Of whom I travail in birth again. This phrase is added, to convey still more fully his vehement affection, which endured, on their account, the throes and pangs of a mother. It denotes likewise his anxiety; for

“a woman, when she is in travail, hath sorrow, because her hour is come; but as soon as she is delivered of the child, she remembereth no more the anguish, for joy that a man is born into the world.” (John 16:21.)

The Galatians had already been conceived and brought forth; but, after their revolt, they must now be begotten a second time.

Until Christ be formed in you. By these words he soothes their anger; for he does not set aside the former birth, but says that they must be again nourished in the womb, as if they had not yet been fully formed. That Christ should be formed in us is the same thing with our being formed in Christ; for we are born so as to become new creatures in him; and he, on the other hand, is born in us, so that we live his life. Since the true image of Christ, through the superstitions introduced by the false apostles, had been defaced, Paul labors to restore that image in all its perfection and brightness. This is done by the ministers of the gospel, when they give

“milk to babes, and strong meat to them that are of full age,” (Hebrews 5:13, 14,)

and, in short, ought to be their employment during the whole course of their preaching. But Paul here compares himself to a woman in labor, because the Galatians were not yet completely born.
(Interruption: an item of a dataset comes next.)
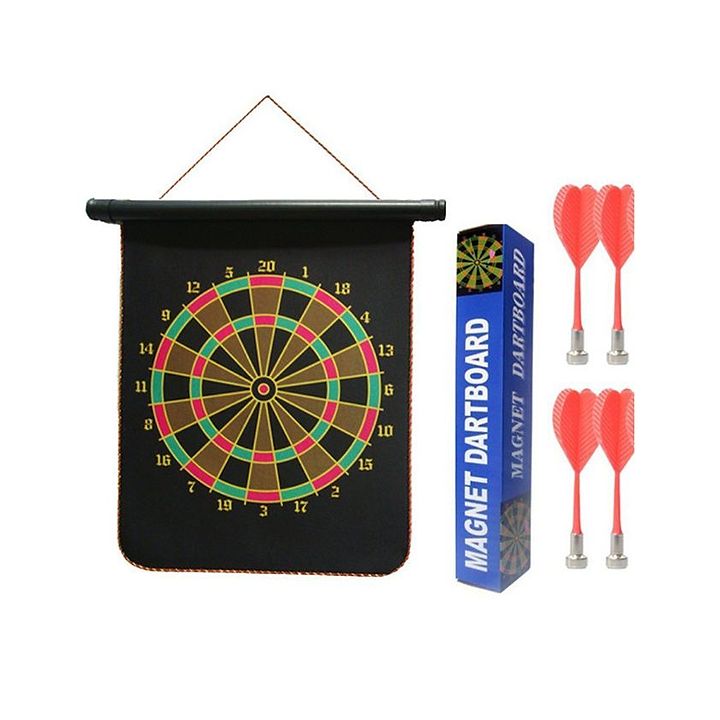 2in1 MAGNETIC DARTBOARD ROLL UP 2 MAGNET DARTS GAME DART BOARD DOUBLE SIDED FUN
This is a remarkable passage for illustrating the efficacy of the Christian ministry. True, we are “born of God,” (1 John 3:9;) but, because he employs a minister and preaching as his instruments for that purpose, he is pleased to ascribe to them that work which Himself performs, through the power of his Spirit, in co-operation with the labors of man. Let us always attend to this distinction, that, when a minister is contrasted with God, he is nothing, and can do nothing, and is utterly useless; but, because the Holy Spirit works efficaciously by means of him, he comes to be regarded and praised as an agent. Still, it is not what he can do in himself, or apart from God, but what God does by him, that is there described. If ministers wish to do anything, let them labor to form Christ, not to form themselves, in their hearers. The writer is now so oppressed with grief, that he almost faints from exhaustion without completing his sentence.